Not so long ago, one of my clients called me in for a
process and measurement readjustment project. We started with the three core
services—infrastructure, development, and customer service. The measurements we
selected covered a range of procedural, operational, and creative factors. The
metrics for each measurement emphasized behaviors we hoped would be more in
line with the company’s goals.

However, change by measurement takes time. While we waited
for our first batch of quarterly results, my client asked me to deal with one
of the most nonconventional IT services. The providers were well noted in the
company for their troglodyte-like behavior and lack of reliable measurements.

This team, the Security Services Organization, worked
primarily with the external Web services and the network switches to create
security schemes. In theory, they offered data security services to the entire
organization. In reality, data, functional, and application security devolved onto
other groups.

My client asked me to first define this group’s
responsibilities based on various organizational charter documents and their
current activities. Then, he wanted measurements and metrics to guide them back
into the organization. Given his level of disgust with their current behavior,
firing the entire team was an option on the table. However, he asked me to
exhaust all possible avenues before making that recommendation.
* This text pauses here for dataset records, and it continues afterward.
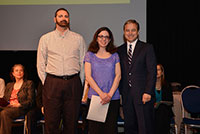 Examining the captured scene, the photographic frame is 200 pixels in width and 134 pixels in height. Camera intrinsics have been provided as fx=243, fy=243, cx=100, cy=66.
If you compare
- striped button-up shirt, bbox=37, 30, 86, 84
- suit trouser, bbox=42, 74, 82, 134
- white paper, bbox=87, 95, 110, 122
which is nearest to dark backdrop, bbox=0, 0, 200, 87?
striped button-up shirt, bbox=37, 30, 86, 84

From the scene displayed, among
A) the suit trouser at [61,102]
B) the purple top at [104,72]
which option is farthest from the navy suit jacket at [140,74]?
the suit trouser at [61,102]

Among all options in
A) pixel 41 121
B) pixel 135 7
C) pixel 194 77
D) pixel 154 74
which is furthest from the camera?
pixel 194 77

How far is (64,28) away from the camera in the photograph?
113 inches

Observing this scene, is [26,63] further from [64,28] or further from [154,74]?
[154,74]

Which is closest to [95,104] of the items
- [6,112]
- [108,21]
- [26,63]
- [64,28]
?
[64,28]

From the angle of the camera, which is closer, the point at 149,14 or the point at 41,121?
the point at 41,121

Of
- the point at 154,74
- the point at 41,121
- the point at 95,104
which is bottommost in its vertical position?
the point at 41,121

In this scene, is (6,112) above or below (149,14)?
below

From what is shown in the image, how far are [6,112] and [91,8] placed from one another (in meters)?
2.25

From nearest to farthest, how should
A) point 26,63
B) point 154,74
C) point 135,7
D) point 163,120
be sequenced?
point 154,74, point 163,120, point 135,7, point 26,63

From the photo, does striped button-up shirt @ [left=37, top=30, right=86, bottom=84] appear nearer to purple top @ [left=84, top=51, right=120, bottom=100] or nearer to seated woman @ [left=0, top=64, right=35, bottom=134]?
purple top @ [left=84, top=51, right=120, bottom=100]

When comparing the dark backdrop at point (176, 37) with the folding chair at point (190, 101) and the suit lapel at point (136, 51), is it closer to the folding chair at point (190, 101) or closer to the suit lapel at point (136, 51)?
the folding chair at point (190, 101)

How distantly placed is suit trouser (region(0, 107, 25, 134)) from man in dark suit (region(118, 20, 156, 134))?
183cm

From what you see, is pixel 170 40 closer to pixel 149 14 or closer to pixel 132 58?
pixel 149 14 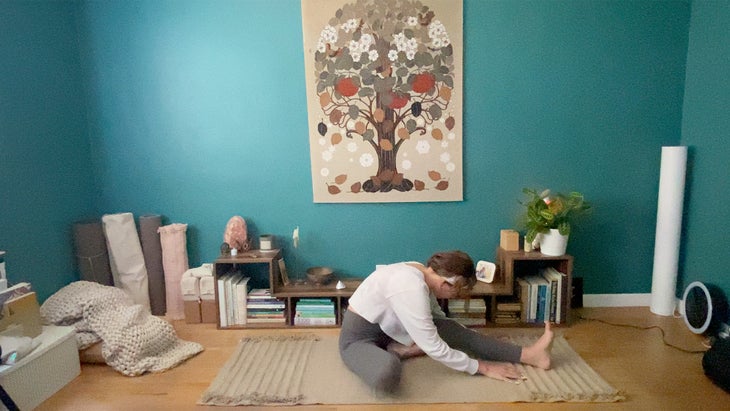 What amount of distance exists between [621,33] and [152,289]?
3.50 m

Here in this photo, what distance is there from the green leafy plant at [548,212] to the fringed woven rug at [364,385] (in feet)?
2.23

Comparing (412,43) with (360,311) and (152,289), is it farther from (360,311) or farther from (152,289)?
(152,289)

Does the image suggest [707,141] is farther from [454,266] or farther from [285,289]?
[285,289]

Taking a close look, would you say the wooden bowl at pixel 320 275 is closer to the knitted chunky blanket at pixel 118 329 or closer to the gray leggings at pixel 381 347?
the gray leggings at pixel 381 347

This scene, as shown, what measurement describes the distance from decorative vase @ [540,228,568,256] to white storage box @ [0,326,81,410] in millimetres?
2703

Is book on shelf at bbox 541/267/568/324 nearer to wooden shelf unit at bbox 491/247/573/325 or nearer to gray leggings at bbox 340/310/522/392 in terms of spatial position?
wooden shelf unit at bbox 491/247/573/325

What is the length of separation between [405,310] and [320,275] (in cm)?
104

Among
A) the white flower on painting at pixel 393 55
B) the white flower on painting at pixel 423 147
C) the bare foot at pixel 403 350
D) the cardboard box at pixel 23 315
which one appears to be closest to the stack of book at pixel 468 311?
the bare foot at pixel 403 350

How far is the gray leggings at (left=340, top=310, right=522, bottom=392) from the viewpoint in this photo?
2271 millimetres

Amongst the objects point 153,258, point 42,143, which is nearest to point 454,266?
point 153,258

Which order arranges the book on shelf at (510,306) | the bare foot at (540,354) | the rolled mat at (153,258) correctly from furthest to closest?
the rolled mat at (153,258) < the book on shelf at (510,306) < the bare foot at (540,354)

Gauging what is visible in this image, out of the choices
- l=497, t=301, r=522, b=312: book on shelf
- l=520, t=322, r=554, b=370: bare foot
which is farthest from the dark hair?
l=497, t=301, r=522, b=312: book on shelf

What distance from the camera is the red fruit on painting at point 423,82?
311 cm

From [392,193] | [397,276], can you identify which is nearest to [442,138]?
[392,193] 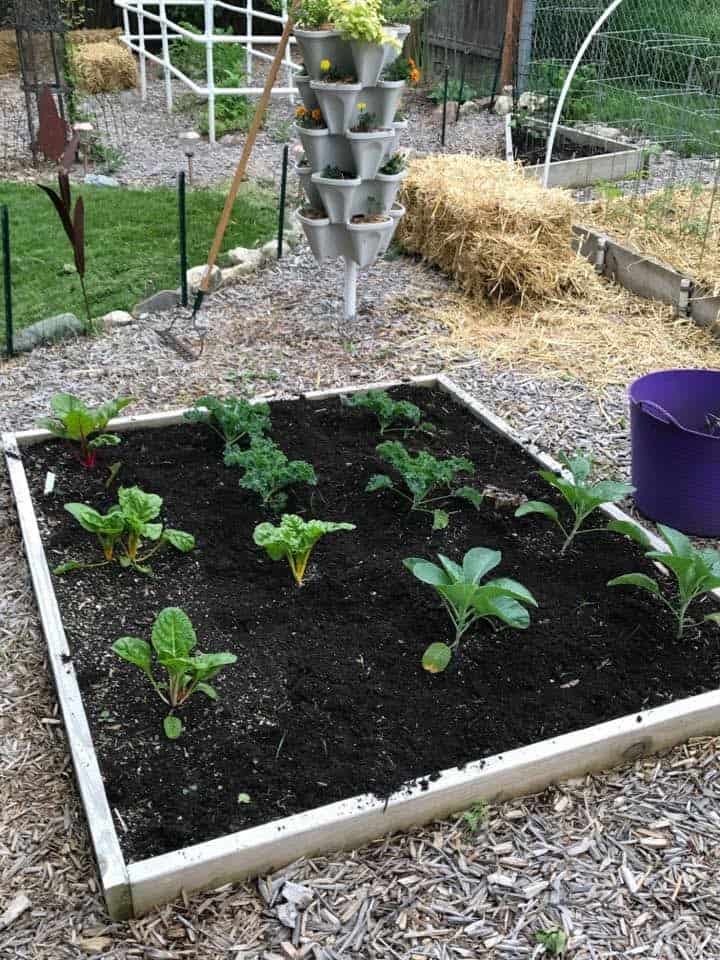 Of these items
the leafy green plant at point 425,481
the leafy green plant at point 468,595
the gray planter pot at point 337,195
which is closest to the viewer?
the leafy green plant at point 468,595

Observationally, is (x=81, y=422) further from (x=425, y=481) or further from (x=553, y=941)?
A: (x=553, y=941)

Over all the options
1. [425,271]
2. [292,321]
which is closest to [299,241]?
[425,271]

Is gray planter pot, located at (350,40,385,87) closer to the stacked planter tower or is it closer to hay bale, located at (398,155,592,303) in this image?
the stacked planter tower

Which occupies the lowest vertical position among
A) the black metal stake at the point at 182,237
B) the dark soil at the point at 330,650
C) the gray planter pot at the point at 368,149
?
the dark soil at the point at 330,650

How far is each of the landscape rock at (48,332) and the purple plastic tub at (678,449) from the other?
117 inches

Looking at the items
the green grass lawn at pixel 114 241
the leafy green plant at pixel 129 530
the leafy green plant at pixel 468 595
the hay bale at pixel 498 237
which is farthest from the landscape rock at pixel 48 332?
the leafy green plant at pixel 468 595

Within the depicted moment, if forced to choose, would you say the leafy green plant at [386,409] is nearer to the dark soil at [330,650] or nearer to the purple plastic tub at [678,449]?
the dark soil at [330,650]

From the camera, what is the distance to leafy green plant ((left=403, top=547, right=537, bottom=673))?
2627mm

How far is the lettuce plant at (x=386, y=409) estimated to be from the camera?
388 cm

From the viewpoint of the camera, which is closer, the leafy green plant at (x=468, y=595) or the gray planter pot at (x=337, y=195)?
the leafy green plant at (x=468, y=595)

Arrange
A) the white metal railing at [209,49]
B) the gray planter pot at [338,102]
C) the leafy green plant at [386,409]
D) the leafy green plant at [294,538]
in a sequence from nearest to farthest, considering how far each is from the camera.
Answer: the leafy green plant at [294,538] < the leafy green plant at [386,409] < the gray planter pot at [338,102] < the white metal railing at [209,49]

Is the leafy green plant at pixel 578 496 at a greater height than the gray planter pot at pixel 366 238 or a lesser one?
lesser

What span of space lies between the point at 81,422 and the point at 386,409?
1218 millimetres

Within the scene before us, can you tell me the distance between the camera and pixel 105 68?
11.2 meters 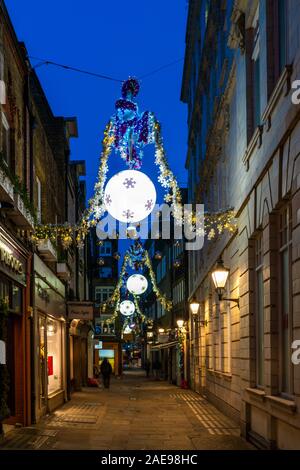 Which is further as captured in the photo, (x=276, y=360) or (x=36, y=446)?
(x=36, y=446)

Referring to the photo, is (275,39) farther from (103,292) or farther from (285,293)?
(103,292)

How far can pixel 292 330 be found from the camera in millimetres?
11406

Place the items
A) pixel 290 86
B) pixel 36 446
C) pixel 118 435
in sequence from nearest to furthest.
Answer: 1. pixel 290 86
2. pixel 36 446
3. pixel 118 435

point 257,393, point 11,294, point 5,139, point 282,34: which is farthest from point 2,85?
point 257,393

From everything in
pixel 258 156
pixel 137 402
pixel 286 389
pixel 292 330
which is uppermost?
pixel 258 156

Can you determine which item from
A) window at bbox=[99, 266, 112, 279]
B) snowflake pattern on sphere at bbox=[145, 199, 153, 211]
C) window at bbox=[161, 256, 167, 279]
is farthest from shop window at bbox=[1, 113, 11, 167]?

The current state of security

The security team, like many such groups at other clients’
companies, spent a great deal of time talking about potential security threats.
They researched threats on the Web, studied esoteric-seeming materials, and
made complex pronouncements from on high. Their presumed level of technical
expertise (whether earned or not) gave their statements inordinate weight with
the rest of the IT staff.

The security team focused on external threats, firewalls,
and occasionally VLAN segmentation. Their stated goals were to prevent an
external intrusion and internal assaults through the wireless network. They
played through elaborate scenarios in the test lab, exploring ever more exotic
forms of attack.

At the same time, the vast majority of the company’s
resources were inadequately secured. Customer support managed most of the data
security for the organization. The developers, adrift without clear direction from
the experts, gamely worked to plug holes in their applications. The server
administrators in infrastructure managed their own patch schedule, sometimes at
odds with one another.

The authorization assignment and verification process also
needed a great deal of work. Any user could call the help desk to get access to
nearly any function. With the conflicting and contrasting security schemes
produced by the developers, no one really had any idea what “appropriate”
security levels might be, or what functions should go to whom.

The latter might be considered a problem with the customer
support organization. In part, it was. At the same time, the responsibility for
auditing the system, establishing clear access levels, and monitoring the
process all logically devolved onto the security organization.
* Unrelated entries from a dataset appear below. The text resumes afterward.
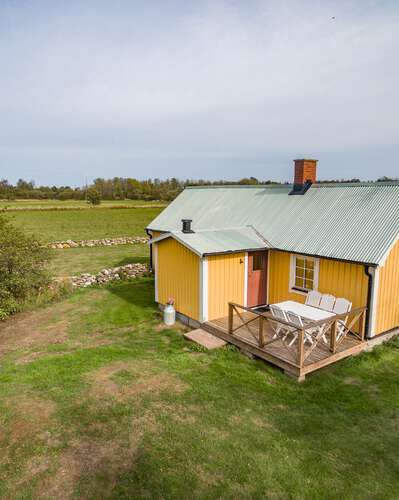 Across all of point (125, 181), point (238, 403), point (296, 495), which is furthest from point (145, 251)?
point (125, 181)

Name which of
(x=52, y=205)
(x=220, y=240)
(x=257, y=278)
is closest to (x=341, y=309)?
(x=257, y=278)

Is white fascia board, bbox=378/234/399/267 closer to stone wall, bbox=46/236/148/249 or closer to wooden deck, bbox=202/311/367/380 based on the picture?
wooden deck, bbox=202/311/367/380

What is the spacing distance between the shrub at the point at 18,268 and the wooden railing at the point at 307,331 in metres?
9.15

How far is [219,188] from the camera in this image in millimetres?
18656

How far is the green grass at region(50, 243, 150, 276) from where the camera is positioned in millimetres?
22719

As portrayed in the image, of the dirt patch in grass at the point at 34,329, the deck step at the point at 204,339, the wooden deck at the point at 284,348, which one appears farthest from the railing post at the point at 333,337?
the dirt patch in grass at the point at 34,329

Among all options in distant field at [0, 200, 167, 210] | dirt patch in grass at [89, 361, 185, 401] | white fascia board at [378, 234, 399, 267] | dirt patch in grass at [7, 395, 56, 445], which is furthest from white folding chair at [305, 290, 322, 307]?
distant field at [0, 200, 167, 210]

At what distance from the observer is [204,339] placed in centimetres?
1084

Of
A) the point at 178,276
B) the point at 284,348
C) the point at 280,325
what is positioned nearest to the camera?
the point at 284,348

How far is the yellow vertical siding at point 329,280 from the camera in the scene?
405 inches

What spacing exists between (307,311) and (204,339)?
3.21 meters

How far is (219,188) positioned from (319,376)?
11.8m

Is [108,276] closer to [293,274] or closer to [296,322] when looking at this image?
[293,274]

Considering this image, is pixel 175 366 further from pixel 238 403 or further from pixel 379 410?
pixel 379 410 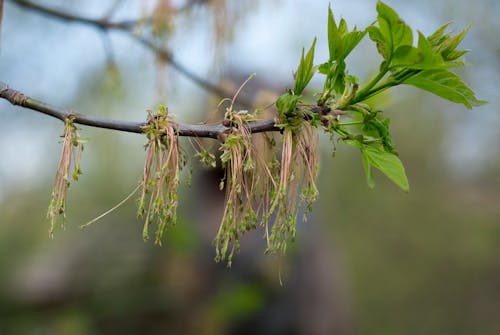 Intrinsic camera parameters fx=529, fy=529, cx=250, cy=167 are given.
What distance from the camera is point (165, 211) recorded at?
663 mm

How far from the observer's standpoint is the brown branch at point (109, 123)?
62 cm

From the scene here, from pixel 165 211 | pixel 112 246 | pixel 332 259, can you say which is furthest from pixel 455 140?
pixel 165 211

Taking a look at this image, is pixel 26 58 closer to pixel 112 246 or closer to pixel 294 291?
pixel 112 246

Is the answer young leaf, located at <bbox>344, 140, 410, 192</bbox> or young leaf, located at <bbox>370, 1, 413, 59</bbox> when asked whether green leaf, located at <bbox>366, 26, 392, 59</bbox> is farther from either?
young leaf, located at <bbox>344, 140, 410, 192</bbox>

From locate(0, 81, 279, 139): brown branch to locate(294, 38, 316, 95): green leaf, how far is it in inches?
2.2

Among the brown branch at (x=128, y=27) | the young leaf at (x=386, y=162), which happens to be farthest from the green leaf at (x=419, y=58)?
the brown branch at (x=128, y=27)

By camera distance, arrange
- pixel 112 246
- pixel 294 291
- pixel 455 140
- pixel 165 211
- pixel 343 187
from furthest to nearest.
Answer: pixel 343 187, pixel 455 140, pixel 112 246, pixel 294 291, pixel 165 211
Measuring the security service

I sat down to design measurements and metrics. The team
needed a sharp kick in the pants to get moving in the right direction. With
that in mind, I intentionally installed measurements we would have to
deemphasize in the long run. The measurement categories I chose were audit
compliance, budget, communications, incident response, and process management.

Audit compliance caused the largest number of complaints
from all involved parties. We gave the security team a list of all the security
areas in their control. Each week, they were to return to us a list of the
activities they took in order to manage those areas. Each month, we asked an
independent group along with representatives from customer service,
development, and infrastructure to verify whether the work had the stated
effect. If it did, they received a pass on this measurement. Each failed item
reduced their potential score. Anything over a 20-percent failure caused them
to fail this measurement.

Budget compliance (a perennial favorite) allowed us to
measure the amount of money spent vs. the amount of money allocated for
security activity. We also added another metric: amount of money spent vs. the
percentage of high-to-medium risks (rather than threats) addressed. Failure to
meet high-level risks, or spending money/time on low-level risks/threats while
higher-level threats went unattended to, reduced their budget score.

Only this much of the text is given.